━━━ RECORDS TO USE

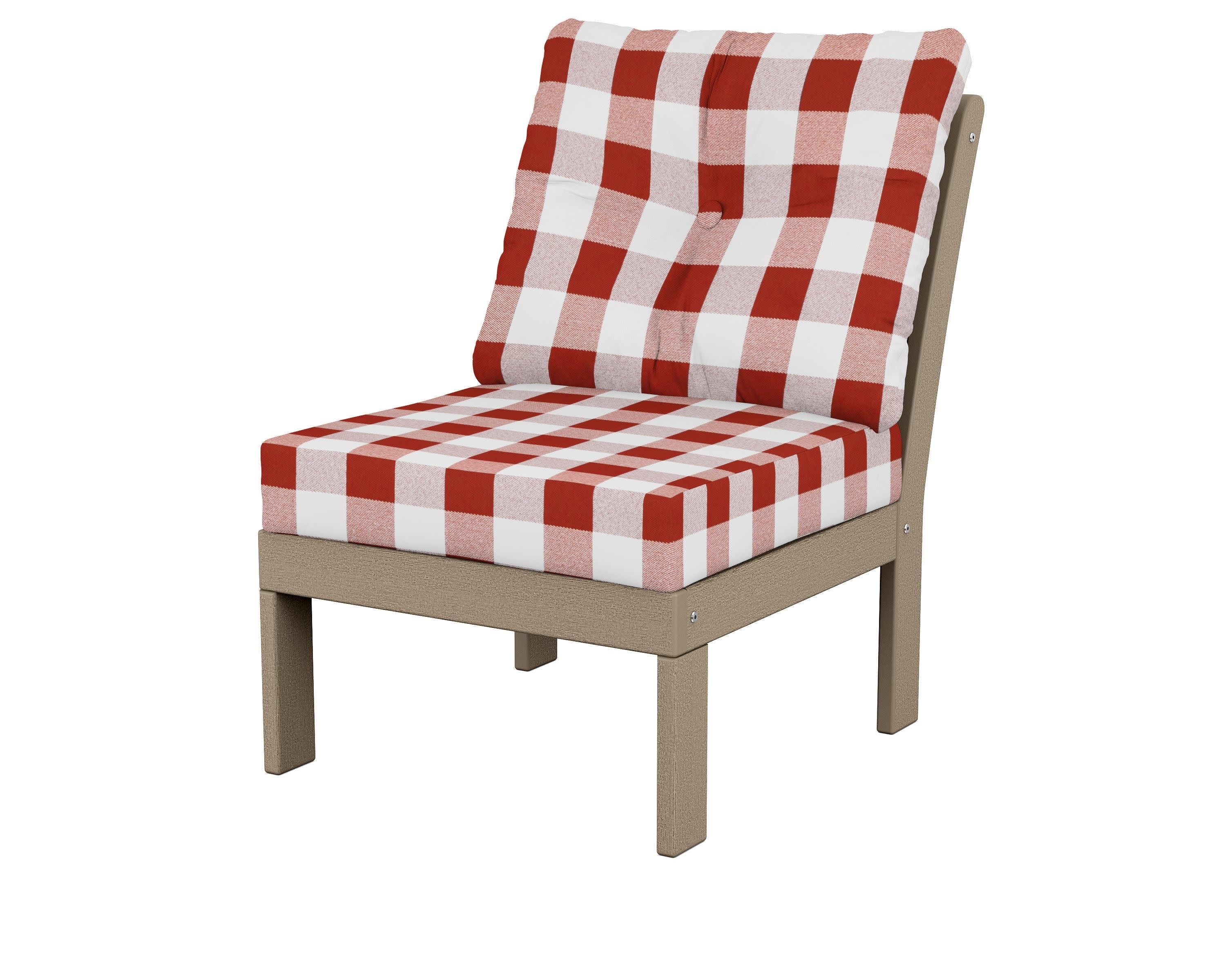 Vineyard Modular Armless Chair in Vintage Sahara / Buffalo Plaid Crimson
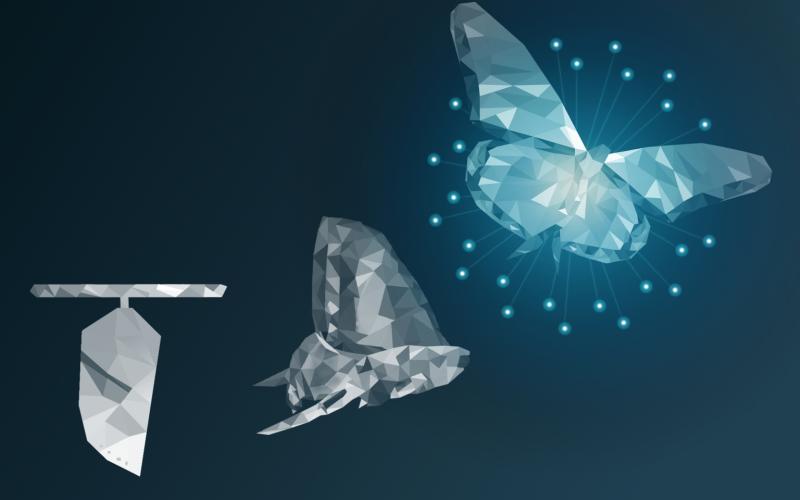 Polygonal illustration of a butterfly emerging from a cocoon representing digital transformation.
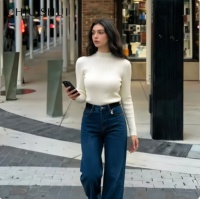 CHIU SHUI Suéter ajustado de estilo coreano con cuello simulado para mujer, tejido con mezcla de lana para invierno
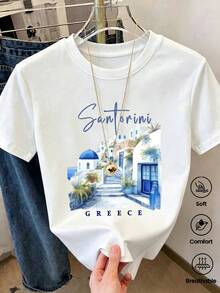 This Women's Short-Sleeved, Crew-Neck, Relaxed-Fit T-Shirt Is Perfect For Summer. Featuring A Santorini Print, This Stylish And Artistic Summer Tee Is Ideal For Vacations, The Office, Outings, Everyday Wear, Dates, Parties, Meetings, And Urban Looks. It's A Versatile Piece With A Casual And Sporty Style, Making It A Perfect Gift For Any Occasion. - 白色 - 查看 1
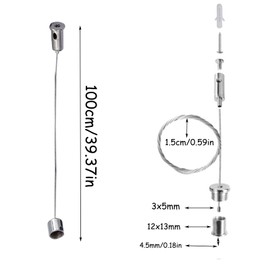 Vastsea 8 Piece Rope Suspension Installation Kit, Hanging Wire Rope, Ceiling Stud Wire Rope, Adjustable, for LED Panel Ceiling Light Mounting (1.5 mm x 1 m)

━━━━━━

**TRY IT:**
Word for word, reproduce all of the data, but keep out the pictures.

**WRITTEN REPLY:**
 Vineyard Modular Armless Chair in Vintage Sahara / Buffalo Plaid Crimson
 Polygonal illustration of a butterfly emerging from a cocoon representing digital transformation.
 CHIU SHUI Suéter ajustado de estilo coreano con cuello simulado para mujer, tejido con mezcla de lana para invierno
 This Women's Short-Sleeved, Crew-Neck, Relaxed-Fit T-Shirt Is Perfect For Summer. Featuring A Santorini Print, This Stylish And Artistic Summer Tee Is Ideal For Vacations, The Office, Outings, Everyday Wear, Dates, Parties, Meetings, And Urban Looks. It's A Versatile Piece With A Casual And Sporty Style, Making It A Perfect Gift For Any Occasion. - 白色 - 查看 1
 Vastsea 8 Piece Rope Suspension Installation Kit, Hanging Wire Rope, Ceiling Stud Wire Rope, Adjustable, for LED Panel Ceiling Light Mounting (1.5 mm x 1 m)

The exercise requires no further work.